TASK BRIEF:
Set down every line below, word for word.

INPUT DATA:
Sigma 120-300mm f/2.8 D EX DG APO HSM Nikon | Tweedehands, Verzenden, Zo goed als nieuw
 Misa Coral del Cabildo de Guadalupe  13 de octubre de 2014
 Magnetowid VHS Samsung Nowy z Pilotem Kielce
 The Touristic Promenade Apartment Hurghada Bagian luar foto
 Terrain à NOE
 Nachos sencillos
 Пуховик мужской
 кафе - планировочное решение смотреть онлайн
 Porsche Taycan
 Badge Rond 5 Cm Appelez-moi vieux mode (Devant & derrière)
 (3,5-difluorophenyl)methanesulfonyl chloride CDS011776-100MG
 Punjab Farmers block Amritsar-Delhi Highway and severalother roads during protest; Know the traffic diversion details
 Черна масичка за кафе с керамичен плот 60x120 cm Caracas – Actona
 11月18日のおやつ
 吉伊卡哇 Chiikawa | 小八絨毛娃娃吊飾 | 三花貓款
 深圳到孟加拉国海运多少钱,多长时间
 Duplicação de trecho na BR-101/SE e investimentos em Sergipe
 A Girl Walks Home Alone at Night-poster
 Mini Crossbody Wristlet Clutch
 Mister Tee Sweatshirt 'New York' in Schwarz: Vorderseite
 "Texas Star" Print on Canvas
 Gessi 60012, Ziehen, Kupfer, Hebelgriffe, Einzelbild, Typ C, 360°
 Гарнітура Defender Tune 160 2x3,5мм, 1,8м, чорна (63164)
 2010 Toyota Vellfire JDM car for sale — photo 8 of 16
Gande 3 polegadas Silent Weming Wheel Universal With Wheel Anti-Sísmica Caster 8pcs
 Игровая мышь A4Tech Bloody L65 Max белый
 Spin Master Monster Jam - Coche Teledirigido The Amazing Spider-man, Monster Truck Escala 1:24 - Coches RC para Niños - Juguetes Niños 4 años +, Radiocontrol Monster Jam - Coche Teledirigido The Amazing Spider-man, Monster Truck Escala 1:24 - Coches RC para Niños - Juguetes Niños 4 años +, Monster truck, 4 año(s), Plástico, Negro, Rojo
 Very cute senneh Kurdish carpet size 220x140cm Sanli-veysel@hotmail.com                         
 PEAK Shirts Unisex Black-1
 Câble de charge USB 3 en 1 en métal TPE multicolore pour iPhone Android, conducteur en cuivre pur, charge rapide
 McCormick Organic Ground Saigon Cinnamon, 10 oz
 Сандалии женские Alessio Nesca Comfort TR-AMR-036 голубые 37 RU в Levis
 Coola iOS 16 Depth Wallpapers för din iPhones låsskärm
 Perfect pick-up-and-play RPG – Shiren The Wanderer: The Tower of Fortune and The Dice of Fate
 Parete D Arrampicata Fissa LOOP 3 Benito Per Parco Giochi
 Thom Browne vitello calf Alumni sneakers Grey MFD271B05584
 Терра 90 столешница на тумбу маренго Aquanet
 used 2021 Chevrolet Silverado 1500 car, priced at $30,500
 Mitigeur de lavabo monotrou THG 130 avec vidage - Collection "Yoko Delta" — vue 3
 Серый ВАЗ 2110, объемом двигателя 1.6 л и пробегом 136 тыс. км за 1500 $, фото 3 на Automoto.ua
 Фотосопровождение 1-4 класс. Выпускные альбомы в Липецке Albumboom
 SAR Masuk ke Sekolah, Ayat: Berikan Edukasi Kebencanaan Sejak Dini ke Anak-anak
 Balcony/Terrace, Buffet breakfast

WRITTEN RESPONSE:
Sigma 120-300mm f/2.8 D EX DG APO HSM Nikon | Tweedehands, Verzenden, Zo goed als nieuw
 Misa Coral del Cabildo de Guadalupe  13 de octubre de 2014
 Magnetowid VHS Samsung Nowy z Pilotem Kielce
 The Touristic Promenade Apartment Hurghada Bagian luar foto
 Terrain à NOE
 Nachos sencillos
 Пуховик мужской
 кафе - планировочное решение смотреть онлайн
 Porsche Taycan
 Badge Rond 5 Cm Appelez-moi vieux mode (Devant & derrière)
 (3,5-difluorophenyl)methanesulfonyl chloride CDS011776-100MG
 Punjab Farmers block Amritsar-Delhi Highway and severalother roads during protest; Know the traffic diversion details
 Черна масичка за кафе с керамичен плот 60x120 cm Caracas – Actona
 11月18日のおやつ
 吉伊卡哇 Chiikawa | 小八絨毛娃娃吊飾 | 三花貓款
 深圳到孟加拉国海运多少钱,多长时间
 Duplicação de trecho na BR-101/SE e investimentos em Sergipe
 A Girl Walks Home Alone at Night-poster
 Mini Crossbody Wristlet Clutch
 Mister Tee Sweatshirt 'New York' in Schwarz: Vorderseite
 "Texas Star" Print on Canvas
 Gessi 60012, Ziehen, Kupfer, Hebelgriffe, Einzelbild, Typ C, 360°
 Гарнітура Defender Tune 160 2x3,5мм, 1,8м, чорна (63164)
 2010 Toyota Vellfire JDM car for sale — photo 8 of 16
Gande 3 polegadas Silent Weming Wheel Universal With Wheel Anti-Sísmica Caster 8pcs
 Игровая мышь A4Tech Bloody L65 Max белый
 Spin Master Monster Jam - Coche Teledirigido The Amazing Spider-man, Monster Truck Escala 1:24 - Coches RC para Niños - Juguetes Niños 4 años +, Radiocontrol Monster Jam - Coche Teledirigido The Amazing Spider-man, Monster Truck Escala 1:24 - Coches RC para Niños - Juguetes Niños 4 años +, Monster truck, 4 año(s), Plástico, Negro, Rojo
 Very cute senneh Kurdish carpet size 220x140cm Sanli-veysel@hotmail.com                         
 PEAK Shirts Unisex Black-1
 Câble de charge USB 3 en 1 en métal TPE multicolore pour iPhone Android, conducteur en cuivre pur, charge rapide
 McCormick Organic Ground Saigon Cinnamon, 10 oz
 Сандалии женские Alessio Nesca Comfort TR-AMR-036 голубые 37 RU в Levis
 Coola iOS 16 Depth Wallpapers för din iPhones låsskärm
 Perfect pick-up-and-play RPG – Shiren The Wanderer: The Tower of Fortune and The Dice of Fate
 Parete D Arrampicata Fissa LOOP 3 Benito Per Parco Giochi
 Thom Browne vitello calf Alumni sneakers Grey MFD271B05584
 Терра 90 столешница на тумбу маренго Aquanet
 used 2021 Chevrolet Silverado 1500 car, priced at $30,500
 Mitigeur de lavabo monotrou THG 130 avec vidage - Collection "Yoko Delta" — vue 3
 Серый ВАЗ 2110, объемом двигателя 1.6 л и пробегом 136 тыс. км за 1500 $, фото 3 на Automoto.ua
 Фотосопровождение 1-4 класс. Выпускные альбомы в Липецке Albumboom
 SAR Masuk ke Sekolah, Ayat: Berikan Edukasi Kebencanaan Sejak Dini ke Anak-anak
 Balcony/Terrace, Buffet breakfast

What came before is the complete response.